▶ **What you will do**:
Every line below that has the string "Luxury" adds one to the count. Give that count by itself.

▶ **Records supplied**:
☆ ☆ ☆ ☆ ☆

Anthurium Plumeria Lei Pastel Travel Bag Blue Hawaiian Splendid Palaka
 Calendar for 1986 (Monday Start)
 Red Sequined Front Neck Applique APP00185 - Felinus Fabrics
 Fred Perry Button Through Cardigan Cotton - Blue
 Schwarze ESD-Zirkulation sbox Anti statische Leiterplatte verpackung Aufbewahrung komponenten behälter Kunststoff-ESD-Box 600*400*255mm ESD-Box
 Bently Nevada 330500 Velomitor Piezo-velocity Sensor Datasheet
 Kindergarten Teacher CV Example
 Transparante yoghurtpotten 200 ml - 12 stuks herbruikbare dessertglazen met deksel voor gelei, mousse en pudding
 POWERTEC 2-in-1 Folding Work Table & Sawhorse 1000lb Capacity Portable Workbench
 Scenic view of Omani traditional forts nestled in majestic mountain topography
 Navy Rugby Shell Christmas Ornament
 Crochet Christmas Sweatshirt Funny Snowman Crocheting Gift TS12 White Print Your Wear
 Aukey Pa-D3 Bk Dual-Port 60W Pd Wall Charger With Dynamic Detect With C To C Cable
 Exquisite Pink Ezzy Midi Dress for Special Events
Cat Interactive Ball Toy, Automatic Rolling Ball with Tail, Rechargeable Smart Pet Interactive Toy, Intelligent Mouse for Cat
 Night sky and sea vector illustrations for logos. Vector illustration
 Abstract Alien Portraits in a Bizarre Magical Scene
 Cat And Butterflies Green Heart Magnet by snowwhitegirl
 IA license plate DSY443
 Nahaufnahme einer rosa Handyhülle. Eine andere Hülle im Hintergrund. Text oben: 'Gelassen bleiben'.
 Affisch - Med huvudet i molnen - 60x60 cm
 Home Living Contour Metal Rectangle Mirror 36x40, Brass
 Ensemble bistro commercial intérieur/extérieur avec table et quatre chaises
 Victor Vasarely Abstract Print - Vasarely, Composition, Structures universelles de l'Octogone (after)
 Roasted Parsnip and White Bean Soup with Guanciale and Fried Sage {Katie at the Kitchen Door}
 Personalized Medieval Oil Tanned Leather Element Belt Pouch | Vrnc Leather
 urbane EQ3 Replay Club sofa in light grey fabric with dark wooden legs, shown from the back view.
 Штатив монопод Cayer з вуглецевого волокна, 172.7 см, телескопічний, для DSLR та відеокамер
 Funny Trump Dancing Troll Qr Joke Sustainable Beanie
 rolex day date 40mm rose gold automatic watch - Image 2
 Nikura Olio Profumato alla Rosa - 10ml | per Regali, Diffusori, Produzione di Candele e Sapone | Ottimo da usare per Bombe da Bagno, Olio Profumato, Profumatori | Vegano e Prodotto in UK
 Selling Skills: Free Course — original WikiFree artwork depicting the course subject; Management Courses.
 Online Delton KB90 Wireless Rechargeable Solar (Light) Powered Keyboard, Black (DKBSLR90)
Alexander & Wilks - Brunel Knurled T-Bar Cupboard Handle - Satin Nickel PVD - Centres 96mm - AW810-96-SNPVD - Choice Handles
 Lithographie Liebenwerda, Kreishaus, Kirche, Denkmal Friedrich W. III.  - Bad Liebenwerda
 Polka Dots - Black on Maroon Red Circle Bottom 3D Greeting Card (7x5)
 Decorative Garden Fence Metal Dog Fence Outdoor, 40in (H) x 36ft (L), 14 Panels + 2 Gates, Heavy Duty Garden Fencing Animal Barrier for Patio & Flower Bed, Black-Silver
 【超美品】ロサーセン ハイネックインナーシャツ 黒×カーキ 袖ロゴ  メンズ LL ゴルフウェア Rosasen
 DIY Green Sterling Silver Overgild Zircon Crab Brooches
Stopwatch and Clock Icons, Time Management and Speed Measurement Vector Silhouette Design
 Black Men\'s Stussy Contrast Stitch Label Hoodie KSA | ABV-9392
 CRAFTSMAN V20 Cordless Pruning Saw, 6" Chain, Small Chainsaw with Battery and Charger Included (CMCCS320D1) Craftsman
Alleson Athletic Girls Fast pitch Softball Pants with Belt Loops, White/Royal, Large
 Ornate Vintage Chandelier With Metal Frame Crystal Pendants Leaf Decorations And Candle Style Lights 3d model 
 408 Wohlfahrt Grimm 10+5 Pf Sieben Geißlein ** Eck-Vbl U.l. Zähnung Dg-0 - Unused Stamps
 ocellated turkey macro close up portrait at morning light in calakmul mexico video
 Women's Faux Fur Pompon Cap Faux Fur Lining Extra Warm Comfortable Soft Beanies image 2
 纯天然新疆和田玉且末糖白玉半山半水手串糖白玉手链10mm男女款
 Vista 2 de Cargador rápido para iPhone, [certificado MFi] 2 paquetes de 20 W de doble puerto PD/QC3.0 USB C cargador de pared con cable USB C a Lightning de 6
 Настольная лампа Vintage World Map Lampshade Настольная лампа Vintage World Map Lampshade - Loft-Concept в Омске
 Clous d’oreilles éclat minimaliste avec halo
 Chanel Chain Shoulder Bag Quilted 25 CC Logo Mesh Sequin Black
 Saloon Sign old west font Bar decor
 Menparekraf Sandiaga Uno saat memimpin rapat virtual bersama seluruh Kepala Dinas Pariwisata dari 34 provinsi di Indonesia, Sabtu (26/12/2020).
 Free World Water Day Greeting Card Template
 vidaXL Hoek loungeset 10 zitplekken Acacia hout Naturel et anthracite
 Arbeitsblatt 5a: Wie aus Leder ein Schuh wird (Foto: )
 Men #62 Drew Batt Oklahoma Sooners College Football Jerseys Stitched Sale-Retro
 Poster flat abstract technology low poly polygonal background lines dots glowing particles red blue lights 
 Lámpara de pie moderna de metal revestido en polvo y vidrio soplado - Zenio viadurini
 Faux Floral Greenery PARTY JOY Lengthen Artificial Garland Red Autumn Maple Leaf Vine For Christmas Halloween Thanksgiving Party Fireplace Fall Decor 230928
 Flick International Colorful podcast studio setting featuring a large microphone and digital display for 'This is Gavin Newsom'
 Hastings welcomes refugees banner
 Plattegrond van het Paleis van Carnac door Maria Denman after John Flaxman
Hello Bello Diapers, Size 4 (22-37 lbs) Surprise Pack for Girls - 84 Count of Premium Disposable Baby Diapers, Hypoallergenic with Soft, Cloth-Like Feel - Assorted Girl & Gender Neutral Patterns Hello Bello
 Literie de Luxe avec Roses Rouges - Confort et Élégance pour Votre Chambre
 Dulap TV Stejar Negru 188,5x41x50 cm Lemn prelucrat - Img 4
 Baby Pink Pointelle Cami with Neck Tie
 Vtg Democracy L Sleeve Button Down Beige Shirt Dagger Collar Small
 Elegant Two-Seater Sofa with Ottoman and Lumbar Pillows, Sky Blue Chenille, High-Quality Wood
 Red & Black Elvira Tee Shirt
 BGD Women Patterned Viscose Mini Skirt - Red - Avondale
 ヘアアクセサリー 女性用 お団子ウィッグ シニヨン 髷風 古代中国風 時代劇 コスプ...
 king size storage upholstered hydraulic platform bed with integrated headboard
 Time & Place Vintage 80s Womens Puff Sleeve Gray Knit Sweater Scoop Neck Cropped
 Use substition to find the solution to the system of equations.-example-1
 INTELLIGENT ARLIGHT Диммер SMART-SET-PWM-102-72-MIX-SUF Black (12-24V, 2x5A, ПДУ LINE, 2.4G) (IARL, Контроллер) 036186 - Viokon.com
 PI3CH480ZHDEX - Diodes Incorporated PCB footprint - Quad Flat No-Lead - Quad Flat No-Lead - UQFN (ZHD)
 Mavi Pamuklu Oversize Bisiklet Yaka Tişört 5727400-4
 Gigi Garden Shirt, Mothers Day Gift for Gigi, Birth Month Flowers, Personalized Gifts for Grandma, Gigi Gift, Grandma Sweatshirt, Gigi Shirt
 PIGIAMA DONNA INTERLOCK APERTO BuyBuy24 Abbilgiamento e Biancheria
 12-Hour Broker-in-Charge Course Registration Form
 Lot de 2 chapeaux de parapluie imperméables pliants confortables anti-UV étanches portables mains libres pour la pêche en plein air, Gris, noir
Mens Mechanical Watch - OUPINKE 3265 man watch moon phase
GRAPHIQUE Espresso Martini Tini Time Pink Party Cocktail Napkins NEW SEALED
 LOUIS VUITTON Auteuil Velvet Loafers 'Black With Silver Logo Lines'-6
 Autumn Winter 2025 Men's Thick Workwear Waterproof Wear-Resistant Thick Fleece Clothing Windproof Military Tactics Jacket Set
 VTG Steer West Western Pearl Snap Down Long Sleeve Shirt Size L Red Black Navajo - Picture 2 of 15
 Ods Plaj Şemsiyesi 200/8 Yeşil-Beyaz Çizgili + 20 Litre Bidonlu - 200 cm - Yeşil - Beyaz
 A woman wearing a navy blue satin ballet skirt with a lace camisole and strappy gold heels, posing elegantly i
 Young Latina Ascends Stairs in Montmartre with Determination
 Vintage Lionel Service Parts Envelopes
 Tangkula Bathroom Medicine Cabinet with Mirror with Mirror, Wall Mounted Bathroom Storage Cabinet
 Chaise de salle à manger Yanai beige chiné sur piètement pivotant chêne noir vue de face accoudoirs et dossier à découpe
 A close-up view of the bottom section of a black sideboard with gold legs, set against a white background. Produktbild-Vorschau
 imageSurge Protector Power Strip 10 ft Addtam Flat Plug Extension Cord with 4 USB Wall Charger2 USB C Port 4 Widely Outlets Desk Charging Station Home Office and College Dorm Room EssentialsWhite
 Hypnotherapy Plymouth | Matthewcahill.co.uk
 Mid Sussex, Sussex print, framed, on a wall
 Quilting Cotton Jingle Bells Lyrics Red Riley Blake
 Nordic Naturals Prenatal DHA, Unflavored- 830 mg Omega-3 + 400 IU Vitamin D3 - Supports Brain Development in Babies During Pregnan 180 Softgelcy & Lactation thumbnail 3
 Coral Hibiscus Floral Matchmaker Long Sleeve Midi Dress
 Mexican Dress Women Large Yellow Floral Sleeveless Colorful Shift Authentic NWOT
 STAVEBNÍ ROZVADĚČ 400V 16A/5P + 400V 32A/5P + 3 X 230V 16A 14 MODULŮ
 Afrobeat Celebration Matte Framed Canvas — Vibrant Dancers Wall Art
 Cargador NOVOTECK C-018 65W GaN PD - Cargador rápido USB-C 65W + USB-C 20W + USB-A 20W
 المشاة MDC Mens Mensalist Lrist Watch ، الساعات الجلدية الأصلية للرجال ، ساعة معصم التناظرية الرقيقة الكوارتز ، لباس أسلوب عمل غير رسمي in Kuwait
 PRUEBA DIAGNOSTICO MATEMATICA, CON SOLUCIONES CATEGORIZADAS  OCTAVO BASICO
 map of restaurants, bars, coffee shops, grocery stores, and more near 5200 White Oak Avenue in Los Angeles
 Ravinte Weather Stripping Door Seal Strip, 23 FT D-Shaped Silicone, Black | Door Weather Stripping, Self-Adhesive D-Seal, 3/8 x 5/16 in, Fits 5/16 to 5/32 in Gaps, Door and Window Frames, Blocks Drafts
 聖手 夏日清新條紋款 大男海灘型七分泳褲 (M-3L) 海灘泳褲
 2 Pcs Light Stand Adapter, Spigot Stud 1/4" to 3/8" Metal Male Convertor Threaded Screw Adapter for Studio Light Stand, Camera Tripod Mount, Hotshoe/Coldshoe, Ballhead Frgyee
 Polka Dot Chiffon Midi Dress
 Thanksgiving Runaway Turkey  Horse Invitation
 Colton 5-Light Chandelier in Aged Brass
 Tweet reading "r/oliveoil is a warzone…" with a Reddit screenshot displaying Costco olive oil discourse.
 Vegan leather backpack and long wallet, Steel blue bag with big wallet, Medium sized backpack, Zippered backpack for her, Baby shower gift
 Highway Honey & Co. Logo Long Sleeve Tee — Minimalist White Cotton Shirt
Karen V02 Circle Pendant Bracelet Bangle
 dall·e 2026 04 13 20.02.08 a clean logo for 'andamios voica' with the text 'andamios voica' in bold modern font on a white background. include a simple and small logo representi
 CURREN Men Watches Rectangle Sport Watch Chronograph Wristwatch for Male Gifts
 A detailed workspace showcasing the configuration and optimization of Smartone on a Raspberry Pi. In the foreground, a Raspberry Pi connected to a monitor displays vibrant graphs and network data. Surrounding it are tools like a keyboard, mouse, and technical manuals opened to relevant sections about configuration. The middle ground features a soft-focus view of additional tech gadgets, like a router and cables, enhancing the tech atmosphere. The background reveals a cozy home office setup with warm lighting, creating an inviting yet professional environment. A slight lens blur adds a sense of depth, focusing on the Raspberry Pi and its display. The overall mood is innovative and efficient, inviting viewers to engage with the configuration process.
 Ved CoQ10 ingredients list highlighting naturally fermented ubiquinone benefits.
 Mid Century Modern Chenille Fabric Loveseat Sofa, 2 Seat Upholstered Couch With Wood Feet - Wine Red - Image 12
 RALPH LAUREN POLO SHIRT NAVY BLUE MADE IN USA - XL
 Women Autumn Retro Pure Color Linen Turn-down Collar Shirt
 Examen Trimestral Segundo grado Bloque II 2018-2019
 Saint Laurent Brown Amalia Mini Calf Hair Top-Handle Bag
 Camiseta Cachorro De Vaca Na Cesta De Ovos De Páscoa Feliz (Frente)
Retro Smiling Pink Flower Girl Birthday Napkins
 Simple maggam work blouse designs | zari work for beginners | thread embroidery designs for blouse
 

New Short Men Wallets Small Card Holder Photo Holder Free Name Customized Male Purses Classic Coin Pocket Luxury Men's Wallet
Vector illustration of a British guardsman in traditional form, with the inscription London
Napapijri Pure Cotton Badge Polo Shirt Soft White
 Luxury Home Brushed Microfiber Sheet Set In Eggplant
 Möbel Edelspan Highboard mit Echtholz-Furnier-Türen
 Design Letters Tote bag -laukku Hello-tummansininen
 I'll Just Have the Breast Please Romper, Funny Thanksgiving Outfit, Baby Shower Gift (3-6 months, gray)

☆ ☆ ☆ ☆ ☆

▶ **Answer area**:
2